------ Dataset entries

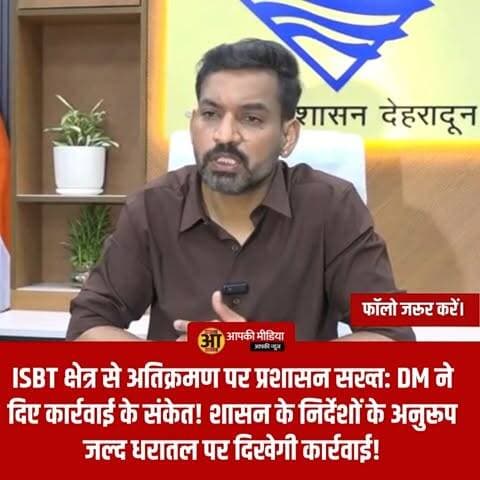 आईएसबीटी क्षेत्र से अतिक्रमण पर प्रशासन सख्त: जिलाधिकारी ने दिए कार्रवाई के संकेत! 🛑🏗️
🔥 प्रशासनिक रुख: सर्वे और एनरोलमेंट प्रक्रिया पूरी; शासन के निर्देशों के अनुरूप जल्द धरातल पर दिखेगी कार्रवाई! 👇
देहरादून: आईएसबीटी क्षेत्र में अवैध रूप से रह रहे लोगों को हटाए जाने के मामले में जिला प्रशासन अब निर्णायक मोड में है। जिलाधिकारी डॉ. आशीष चौहान ने स्पष्ट किया है कि शासन स्तर से इस संबंध में दिशा-निर्देश प्राप्त हो चुके हैं और प्रशासन अब इसे पूरी गंभीरता से ले रहा है।
📋 प्रशासनिक कार्रवाई के मुख्य बिंदु:
सर्वे और डेटा संग्रहण: जिलाधिकारी ने बताया कि संबंधित क्षेत्र में रह रहे लोगों का व्यापक सर्वे और एनरोलमेंट (Enrollment) कार्य पूरा कर लिया गया है। इससे वहां रहने वाले लोगों की सही संख्या और पहचान का ब्यौरा प्रशासन के पास उपलब्ध है।
एसडीएम को निर्देश: जिलाधिकारी ने संबंधित उपजिलाधिकारी (SDM) को स्पष्ट दिशा-निर्देश जारी कर दिए हैं। प्रशासन अब जमीनी स्तर पर कार्रवाई की योजना को अंतिम रूप दे रहा है।
शासन के आदेशों का पालन: प्रशासन शासन द्वारा प्राप्त निर्देशों के अनुरूप ही कार्यवाही को आगे बढ़ा रहा है, ताकि कानूनी और प्रशासनिक प्रक्रियाओं का पूरी तरह पालन हो सके।
"शासन से इस संबंध में स्पष्ट निर्देश मिले हैं। हमने सर्वे और एनरोलमेंट का कार्य पूरा कर लिया है। मैंने एसडीएम को आवश्यक दिशा-निर्देश दे दिए हैं और जल्द ही शासन की मंशा के अनुरूप जमीनी स्तर पर कार्रवाई दिखाई देगी।" — डॉ. आशीष चौहान, जिलाधिकारी, देहरादून।
आईएसबीटी देहरादून का यह क्षेत्र लंबे समय से चर्चा में रहा है। जिलाधिकारी के इन बयानों से यह साफ संकेत मिलता है कि अब प्रशासन इस मामले को प्राथमिकता के आधार पर हल करना चाहता है। यह कार्रवाई शहर के सुव्यवस्थित विकास और यातायात प्रबंधन के दृष्टिकोण से महत्वपूर्ण मानी जा रही है।
💬 आपकी राय: क्या आपको लगता है कि इस तरह के अतिक्रमण वाले क्षेत्रों में कार्रवाई के साथ-साथ उन लोगों के लिए पुनर्वास की ठोस व्यवस्था करना भी उतना ही जरूरी है? अपनी प्रतिक्रिया कमेंट बॉक्स में साझा करें। 🔄
#DehradunNews #ISBTDehradun #AntiEncroachmentDrive #DistrictAdministration #DehradunUpdates #UrbanDevelopment #EncroachmentRemoval #UttarakhandNews #AdministrativeAction #CityManagement #BreakingNews #ISBTEncroachment #OfficialStatement #PublicInterest #DehradunCity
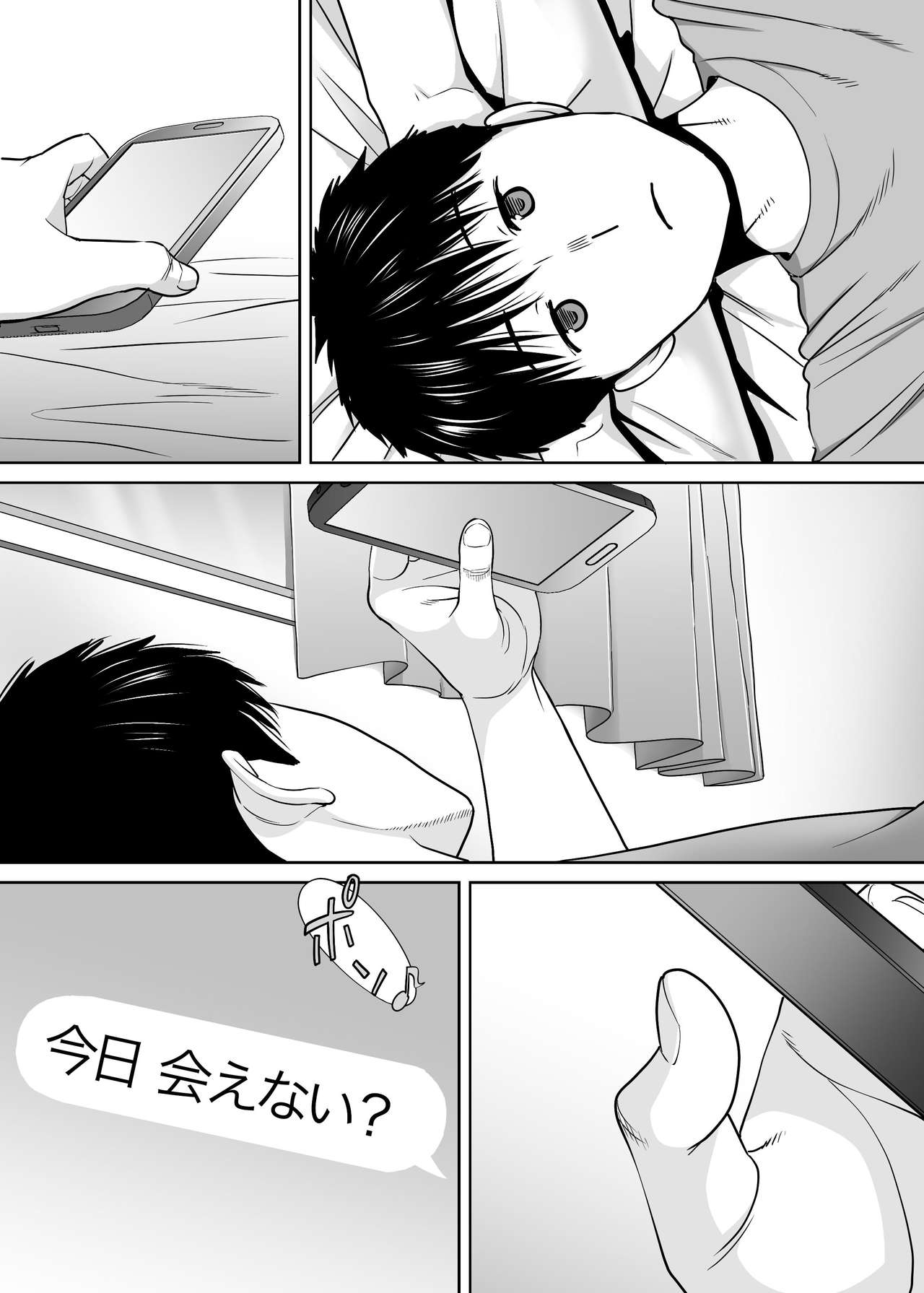 Karami Zakari vol. 3 - Page 56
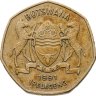 Купить Ботсвана 1 пула (pula) 1991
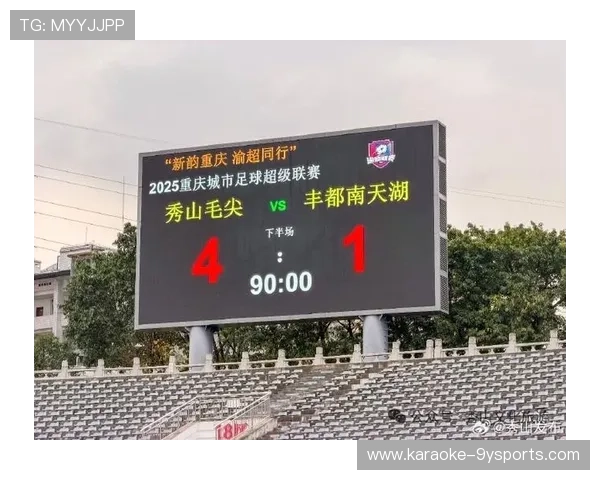 重庆超级联赛最新战报引爆山城足球激情与积分悬念 重庆超级联赛最新战报引爆山城足球激情与积分悬念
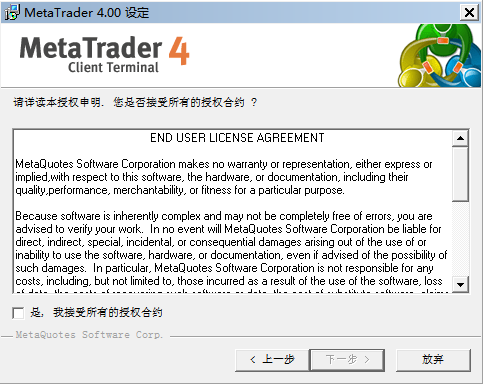 Mt4平台下载安装使用教程，详细图文版教程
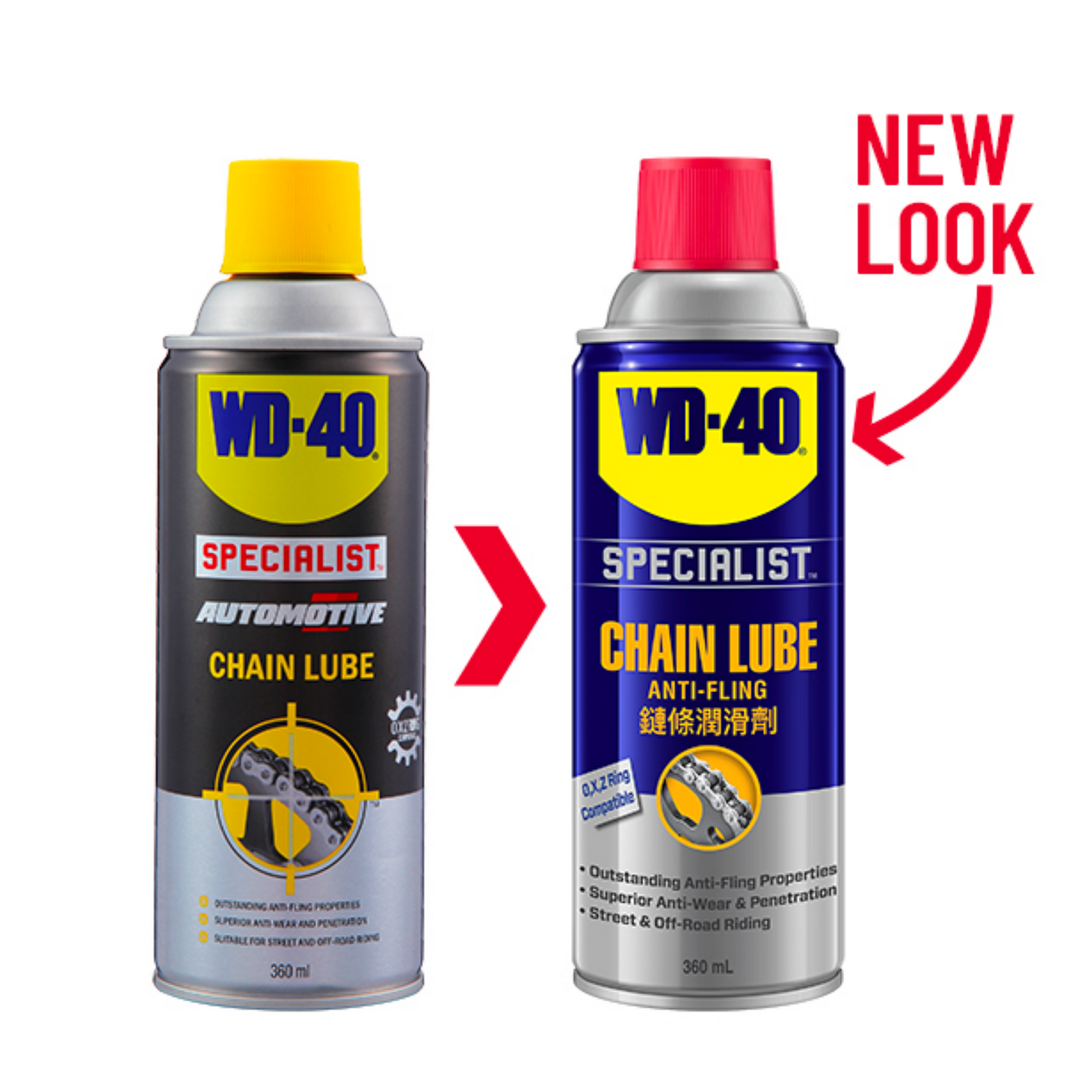 Motorcycle Chain Bike Cleaner Wd40 Lubricant Spray Motorbike Chain Lube W40 Bike Chain WD-40 Motorcycle Chain Bike Cleaner Wd40 Lubricant Spray Motorbike Chain Lube W40 Bike Chain WD-40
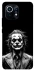 Чехол на Xiaomi Mi 11 Joker B&W фото 1 из 1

------------

• [Task directions]
Nothing but the records above, exact and without pictures, should appear in the answer.

• [Task solution]
 आईएसबीटी क्षेत्र से अतिक्रमण पर प्रशासन सख्त: जिलाधिकारी ने दिए कार्रवाई के संकेत! 🛑🏗️
🔥 प्रशासनिक रुख: सर्वे और एनरोलमेंट प्रक्रिया पूरी; शासन के निर्देशों के अनुरूप जल्द धरातल पर दिखेगी कार्रवाई! 👇
देहरादून: आईएसबीटी क्षेत्र में अवैध रूप से रह रहे लोगों को हटाए जाने के मामले में जिला प्रशासन अब निर्णायक मोड में है। जिलाधिकारी डॉ. आशीष चौहान ने स्पष्ट किया है कि शासन स्तर से इस संबंध में दिशा-निर्देश प्राप्त हो चुके हैं और प्रशासन अब इसे पूरी गंभीरता से ले रहा है।
📋 प्रशासनिक कार्रवाई के मुख्य बिंदु:
सर्वे और डेटा संग्रहण: जिलाधिकारी ने बताया कि संबंधित क्षेत्र में रह रहे लोगों का व्यापक सर्वे और एनरोलमेंट (Enrollment) कार्य पूरा कर लिया गया है। इससे वहां रहने वाले लोगों की सही संख्या और पहचान का ब्यौरा प्रशासन के पास उपलब्ध है।
एसडीएम को निर्देश: जिलाधिकारी ने संबंधित उपजिलाधिकारी (SDM) को स्पष्ट दिशा-निर्देश जारी कर दिए हैं। प्रशासन अब जमीनी स्तर पर कार्रवाई की योजना को अंतिम रूप दे रहा है।
शासन के आदेशों का पालन: प्रशासन शासन द्वारा प्राप्त निर्देशों के अनुरूप ही कार्यवाही को आगे बढ़ा रहा है, ताकि कानूनी और प्रशासनिक प्रक्रियाओं का पूरी तरह पालन हो सके।
"शासन से इस संबंध में स्पष्ट निर्देश मिले हैं। हमने सर्वे और एनरोलमेंट का कार्य पूरा कर लिया है। मैंने एसडीएम को आवश्यक दिशा-निर्देश दे दिए हैं और जल्द ही शासन की मंशा के अनुरूप जमीनी स्तर पर कार्रवाई दिखाई देगी।" — डॉ. आशीष चौहान, जिलाधिकारी, देहरादून।
आईएसबीटी देहरादून का यह क्षेत्र लंबे समय से चर्चा में रहा है। जिलाधिकारी के इन बयानों से यह साफ संकेत मिलता है कि अब प्रशासन इस मामले को प्राथमिकता के आधार पर हल करना चाहता है। यह कार्रवाई शहर के सुव्यवस्थित विकास और यातायात प्रबंधन के दृष्टिकोण से महत्वपूर्ण मानी जा रही है।
💬 आपकी राय: क्या आपको लगता है कि इस तरह के अतिक्रमण वाले क्षेत्रों में कार्रवाई के साथ-साथ उन लोगों के लिए पुनर्वास की ठोस व्यवस्था करना भी उतना ही जरूरी है? अपनी प्रतिक्रिया कमेंट बॉक्स में साझा करें। 🔄
#DehradunNews #ISBTDehradun #AntiEncroachmentDrive #DistrictAdministration #DehradunUpdates #UrbanDevelopment #EncroachmentRemoval #UttarakhandNews #AdministrativeAction #CityManagement #BreakingNews #ISBTEncroachment #OfficialStatement #PublicInterest #DehradunCity
 Karami Zakari vol. 3 - Page 56
 Купить Ботсвана 1 пула (pula) 1991
 重庆超级联赛最新战报引爆山城足球激情与积分悬念 重庆超级联赛最新战报引爆山城足球激情与积分悬念
 Mt4平台下载安装使用教程，详细图文版教程
 Motorcycle Chain Bike Cleaner Wd40 Lubricant Spray Motorbike Chain Lube W40 Bike Chain WD-40 Motorcycle Chain Bike Cleaner Wd40 Lubricant Spray Motorbike Chain Lube W40 Bike Chain WD-40
 Чехол на Xiaomi Mi 11 Joker B&W фото 1 из 1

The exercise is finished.